The first major English-language work on Alsace-Lorraine and imperial Germany in over fifty years, Reluctant Union revises many of the commonly held notions about the German annexation and rule of the territory that came to be known as the Reichsland.
Concentrating on the territory's internal development between 1871 and 1918, and its relationship to imperial Germany, Dr. Silverman rejects the traditional treatment of Alsace-Lorraine as merely an object of international tension. The territory's population is viewed as a pluralistic society, not as a monolithic, hostile anti-German phalanx. The role of chauvinistic sentiment is placed in proper perspective; for the Alsace-Lorrainers, political and economic considerations often outweighed nationalistic preferences.
In showing that German authority was seriously divided between conciliation and coercion, Dr. Silverman dismisses the widespread assumption that the German bureaucracy was invariably repressive in its attempts to integrate the Reichsland into the empire. In fact, the confusion and vacillation produced by the conflicts between imperial civilian and military authorities reactivated political life in Alsace-Lorraine. This political reawakening led to a closer tie between the Reichsland and the empire, but opposition from German industrial interests obstructed economic integration.
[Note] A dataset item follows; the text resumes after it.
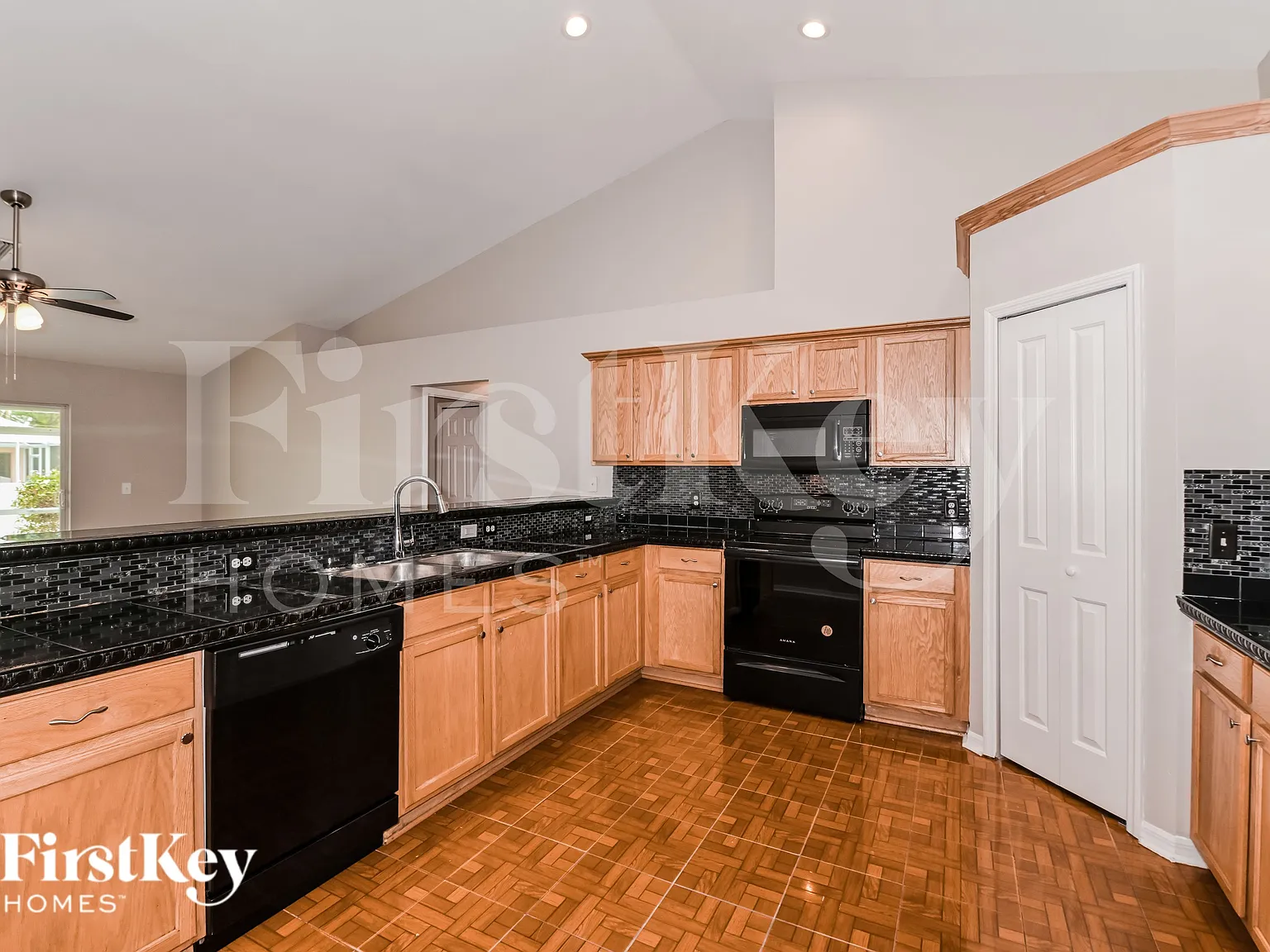 4 bed, 2.0 bath, 1785 sqft, $2,245 — Photo 4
Alsace-Lorraine's political, social, and economic history from 1871 to 1918 has never before been investigated in such depth. Dr. Silverman's description and analysis of this period details the Reichsland's administrative and constitutional history; outlines German programs for Alsace-Lorraine in the critical areas of citizenship option, military service, language requirements, and education; traces the German government's attempts to regulate and suppress the Roman Catholic Church in Alsace-Lorraine; and includes a highly interpretive survey of the Reichsland's economic history, which complements the portrayal of the development of territorial political parties. Free from the nationalistic bias that detracts from most studies of Alsace-Lorraine, Reluctant Union fills a major gap in the history of imperial Germany and modern Europe.